**PROVIDED DATA:**

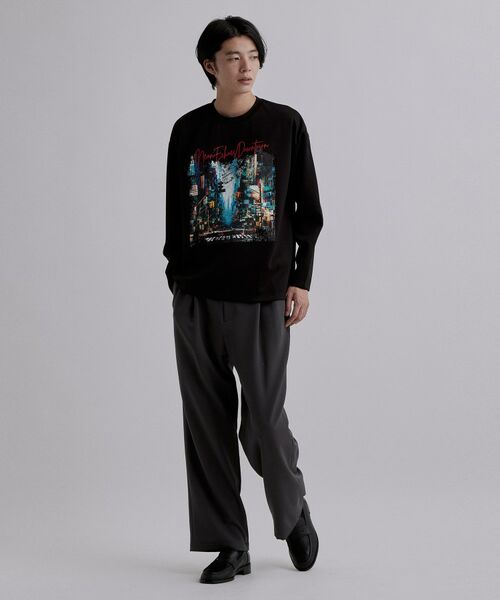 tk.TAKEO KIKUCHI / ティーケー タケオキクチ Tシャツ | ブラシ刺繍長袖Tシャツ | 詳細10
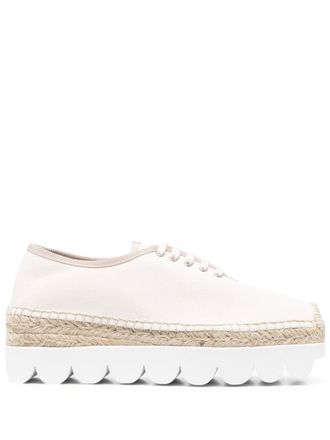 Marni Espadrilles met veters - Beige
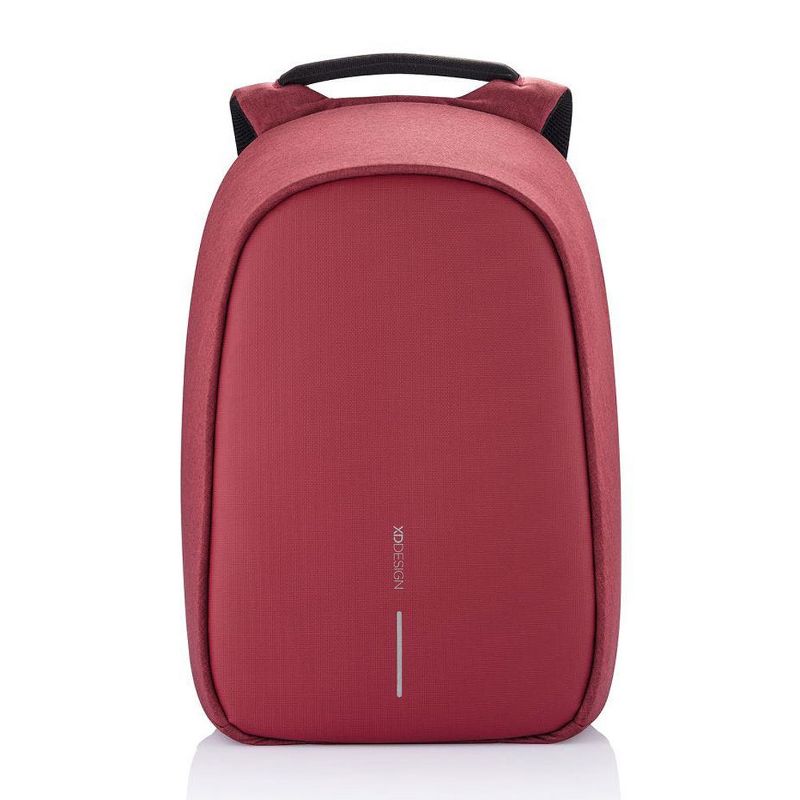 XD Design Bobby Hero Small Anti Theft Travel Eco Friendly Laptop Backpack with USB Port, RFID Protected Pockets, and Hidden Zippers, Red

**WHAT IS NEEDED:** Each line of the listing above belongs in the answer exactly as written; the pictures do not.

**TASK SOLUTION:**
 tk.TAKEO KIKUCHI / ティーケー タケオキクチ Tシャツ | ブラシ刺繍長袖Tシャツ | 詳細10
 Marni Espadrilles met veters - Beige
 XD Design Bobby Hero Small Anti Theft Travel Eco Friendly Laptop Backpack with USB Port, RFID Protected Pockets, and Hidden Zippers, Red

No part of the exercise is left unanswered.